(Collected material begins)
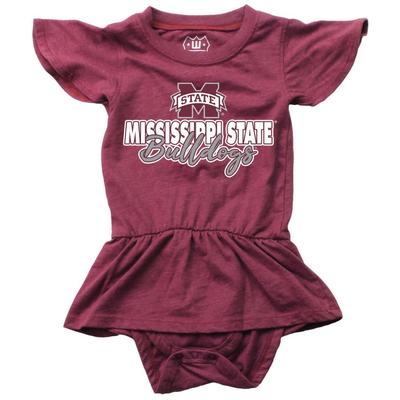 Mississippi State Wes and Willy Infant Ruffle Sleeve Hopper with Skirt Onesie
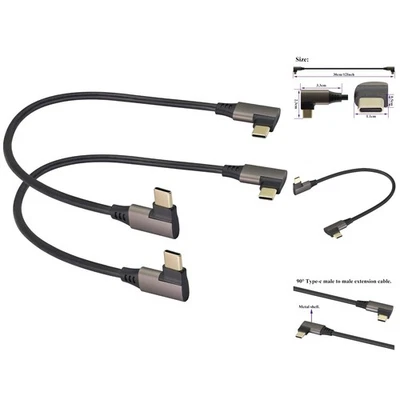 Cabo USB C para USB C 3.1 Gen 2 ângulo reto - Carregamento rápido e dados de alta velocidade - Imagem 1 de 4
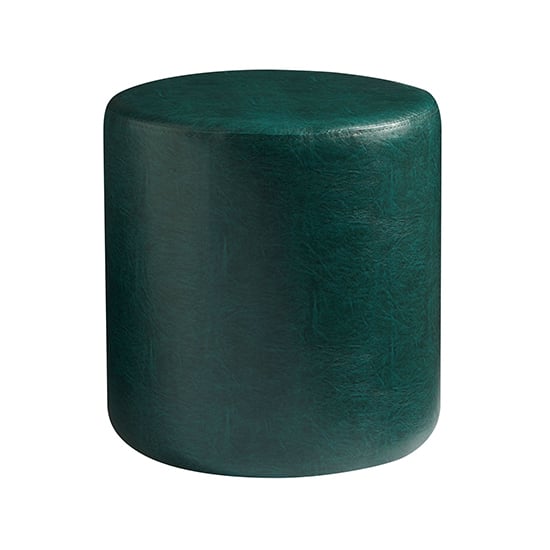 Product photograph of Allen Round Faux Leather Stool In Lascari Vintage Teal from Furniture in Fashion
(Collected material ends)
* Problem statement: Nothing but an exact transcription of the material, without pictures, should be returned.

* Output for this task:
 Mississippi State Wes and Willy Infant Ruffle Sleeve Hopper with Skirt Onesie
 Cabo USB C para USB C 3.1 Gen 2 ângulo reto - Carregamento rápido e dados de alta velocidade - Imagem 1 de 4
 Product photograph of Allen Round Faux Leather Stool In Lascari Vintage Teal from Furniture in Fashion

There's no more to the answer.